The Preacher's Homiletical Commentary
Luke 17:7-10
CRITICAL NOTES
Luke 17:7. A servant.—I.e., a slave. Feeding cattle.—Rather, “keeping sheep” (R.V.). By and by.—I.e., straightway, immediately. The phrase is to be connected with the words spoken by the master, “Come straightway and sit down to meat.” There is no harshness in the orders given.
Luke 17:8. Till I have eaten, etc.—In Luke 12:37 a different assurance seems to be given. But Christ is here speaking of what we have a right to expect; there He describes the favour He will bestow on faithful servants.

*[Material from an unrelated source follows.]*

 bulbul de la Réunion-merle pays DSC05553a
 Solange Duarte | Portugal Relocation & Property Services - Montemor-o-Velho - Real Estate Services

Luke 17:9. Doth he thank.—I.e., does he feel special gratitude because his orders are obeyed? Certainly not,—even if he is in the custom of thanking his servant for acts of obedience, the fact remains, upon which the parable is based, that he feels under no special obligation to him for assiduous labours. I trow not.—These words are omitted in R.V., and are not really needed to complete the passage, since they are implied in the question “Doth he thank?” etc. There is, however, an air of genuineness about them.
Luke 17:10. Unprofitable.—I.e., not useless, but as doing nothing beyond bare duty. It is implied that we are often much more “unprofitable” by reason of our so often failing in duty. “Wretched is he whom the Lord calls an unprofitable servant (Matthew 25:30); blessed is he who calls himself so” (Bengel).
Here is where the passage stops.